La scoperta avvenuta nel cuore dell’aria urbana
Un nuovo e prezioso tassello si aggiunge alla storia antica di Pontecagnano Faiano. Durante gli scavi di archeologia preventiva legati alla costruzione di un complesso edilizio privato, nel cuore dell’area urbana, è tornato alla luce un lembo della necropoli occidentale. Tra i ritrovamenti spicca un contesto funerario di eccezionale valore storico.
Nel settore meridionale dell’area d’indagine è emerso un nucleo di quattro sepolture risalenti alla prima metà del VI secolo a.C. (parzialmente compromesse da un intervento fognario moderno). Tra di esse si distingue la Tomba 10188, che rappresenta un ritrovamento di straordinaria rarità per il territorio.
La sepoltura si compone di:
- Un cratere figurato importato da Corinto, utilizzato come cinerario per accogliere le ossa del defunto.
- Una struttura di protezione in blocchi di travertino a forma parallelepipeda (la tipica “tomba a cubo”), sigillata da una lastra di copertura.
La tipologia della struttura, l’uso simbolico del cratere (il vaso cardine del simposio e del consumo del vino), il ricorso al rito dell’incinerazione e la pregiata decorazione del vaso greco indicano chiaramente che la tomba apparteneva a un membro di spicco dell’aristocrazia dell’antico centro etrusco. La cosiddetta tomba “a cubo” è un modello architettonico ben noto nella Campania settentrionale, ma estremamente raro a Pontecagnano, dove finora erano stati censiti solo altri due esemplari (la T. 1840 e la T. 9954).

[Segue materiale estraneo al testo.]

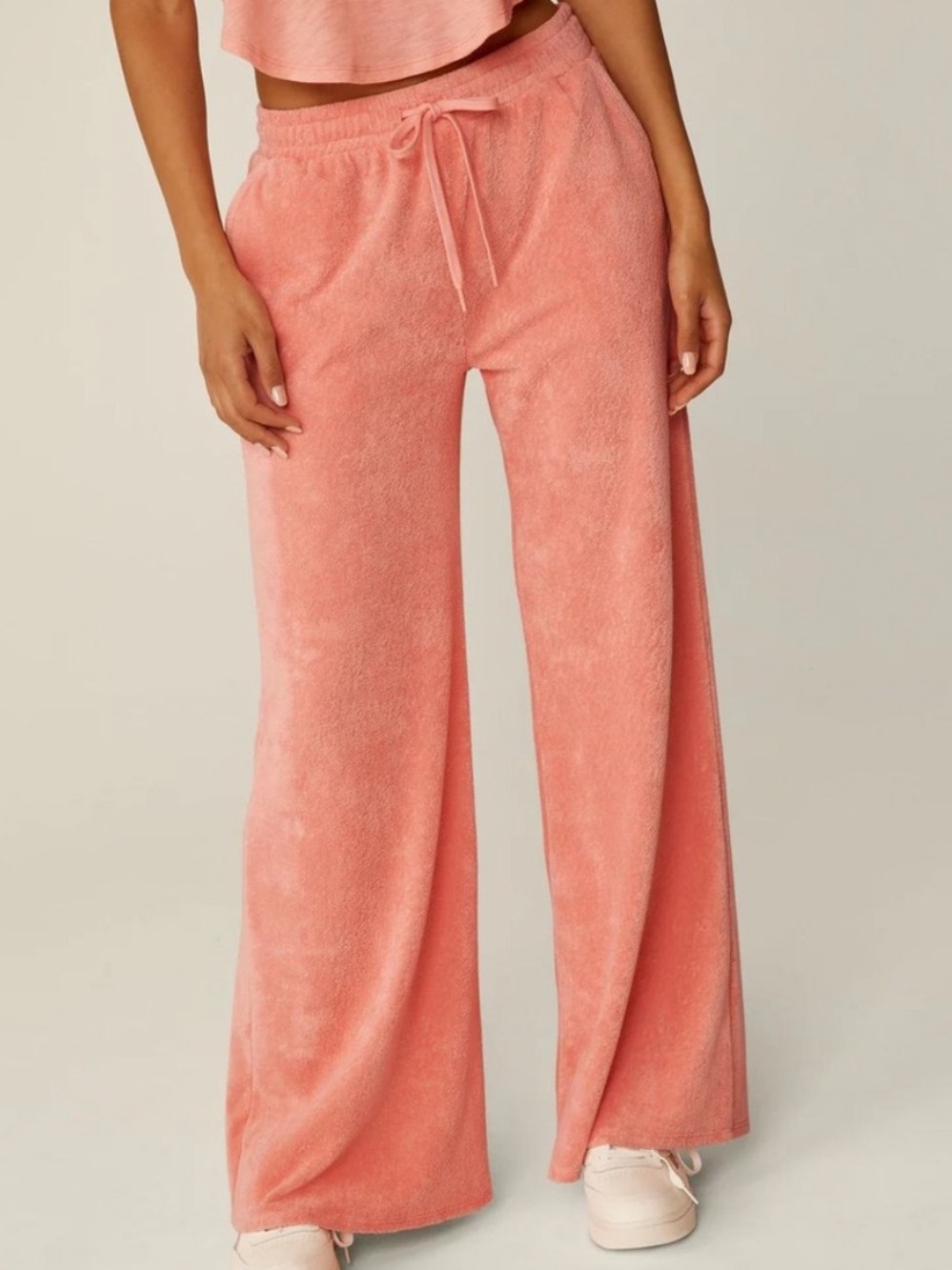 New Beyond Yoga Terry Cloth Wide Leg Lounge Pants Coral Pink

I materiali recuperati sono attualmente custoditi nei laboratori del Museo Archeologico Nazionale “Gli Etruschi di frontiera” (MAP), dove gli esperti stanno completando le prime fasi di studio e restauro. I reperti andranno presto ad arricchire il percorso espositivo del museo, unendosi alle altre tombe “a cubo” già custodite nell’istituzione.